(REQUIREMENT): An exact copy of all the data is the expected answer.

(RECORDS):
================
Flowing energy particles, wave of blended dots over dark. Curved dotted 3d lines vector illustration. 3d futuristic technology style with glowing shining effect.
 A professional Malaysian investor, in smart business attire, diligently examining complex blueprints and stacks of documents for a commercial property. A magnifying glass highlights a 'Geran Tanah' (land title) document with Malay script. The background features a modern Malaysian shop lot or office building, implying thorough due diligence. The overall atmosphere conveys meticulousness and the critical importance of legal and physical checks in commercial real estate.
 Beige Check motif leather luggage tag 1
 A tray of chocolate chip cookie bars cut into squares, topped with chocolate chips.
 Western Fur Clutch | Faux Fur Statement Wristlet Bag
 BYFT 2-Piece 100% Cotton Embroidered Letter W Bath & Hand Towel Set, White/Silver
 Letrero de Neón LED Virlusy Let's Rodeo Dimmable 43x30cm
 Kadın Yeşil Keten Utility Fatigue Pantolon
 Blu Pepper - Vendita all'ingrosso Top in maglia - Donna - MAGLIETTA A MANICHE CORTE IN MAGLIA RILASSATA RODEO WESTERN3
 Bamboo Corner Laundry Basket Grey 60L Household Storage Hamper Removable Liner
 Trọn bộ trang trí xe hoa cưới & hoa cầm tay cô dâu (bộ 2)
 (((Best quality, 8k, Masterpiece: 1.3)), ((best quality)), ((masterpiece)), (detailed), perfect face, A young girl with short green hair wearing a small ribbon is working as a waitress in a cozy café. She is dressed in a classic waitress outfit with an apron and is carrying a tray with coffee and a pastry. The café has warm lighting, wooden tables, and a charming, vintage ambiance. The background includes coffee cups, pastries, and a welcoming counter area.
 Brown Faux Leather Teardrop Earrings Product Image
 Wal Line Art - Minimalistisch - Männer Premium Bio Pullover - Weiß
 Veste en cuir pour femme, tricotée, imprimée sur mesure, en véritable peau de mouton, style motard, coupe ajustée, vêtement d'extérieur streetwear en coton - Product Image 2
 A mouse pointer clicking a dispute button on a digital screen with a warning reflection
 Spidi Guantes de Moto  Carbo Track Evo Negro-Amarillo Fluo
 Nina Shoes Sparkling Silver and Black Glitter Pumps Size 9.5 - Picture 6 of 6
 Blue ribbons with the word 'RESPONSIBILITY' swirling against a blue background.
================
(TASK RESULT):
Flowing energy particles, wave of blended dots over dark. Curved dotted 3d lines vector illustration. 3d futuristic technology style with glowing shining effect.
 A professional Malaysian investor, in smart business attire, diligently examining complex blueprints and stacks of documents for a commercial property. A magnifying glass highlights a 'Geran Tanah' (land title) document with Malay script. The background features a modern Malaysian shop lot or office building, implying thorough due diligence. The overall atmosphere conveys meticulousness and the critical importance of legal and physical checks in commercial real estate.
 Beige Check motif leather luggage tag 1
 A tray of chocolate chip cookie bars cut into squares, topped with chocolate chips.
 Western Fur Clutch | Faux Fur Statement Wristlet Bag
 BYFT 2-Piece 100% Cotton Embroidered Letter W Bath & Hand Towel Set, White/Silver
 Letrero de Neón LED Virlusy Let's Rodeo Dimmable 43x30cm
 Kadın Yeşil Keten Utility Fatigue Pantolon
 Blu Pepper - Vendita all'ingrosso Top in maglia - Donna - MAGLIETTA A MANICHE CORTE IN MAGLIA RILASSATA RODEO WESTERN3
 Bamboo Corner Laundry Basket Grey 60L Household Storage Hamper Removable Liner
 Trọn bộ trang trí xe hoa cưới & hoa cầm tay cô dâu (bộ 2)
 (((Best quality, 8k, Masterpiece: 1.3)), ((best quality)), ((masterpiece)), (detailed), perfect face, A young girl with short green hair wearing a small ribbon is working as a waitress in a cozy café. She is dressed in a classic waitress outfit with an apron and is carrying a tray with coffee and a pastry. The café has warm lighting, wooden tables, and a charming, vintage ambiance. The background includes coffee cups, pastries, and a welcoming counter area.
 Brown Faux Leather Teardrop Earrings Product Image
 Wal Line Art - Minimalistisch - Männer Premium Bio Pullover - Weiß
 Veste en cuir pour femme, tricotée, imprimée sur mesure, en véritable peau de mouton, style motard, coupe ajustée, vêtement d'extérieur streetwear en coton - Product Image 2
 A mouse pointer clicking a dispute button on a digital screen with a warning reflection
 Spidi Guantes de Moto  Carbo Track Evo Negro-Amarillo Fluo
 Nina Shoes Sparkling Silver and Black Glitter Pumps Size 9.5 - Picture 6 of 6
 Blue ribbons with the word 'RESPONSIBILITY' swirling against a blue background.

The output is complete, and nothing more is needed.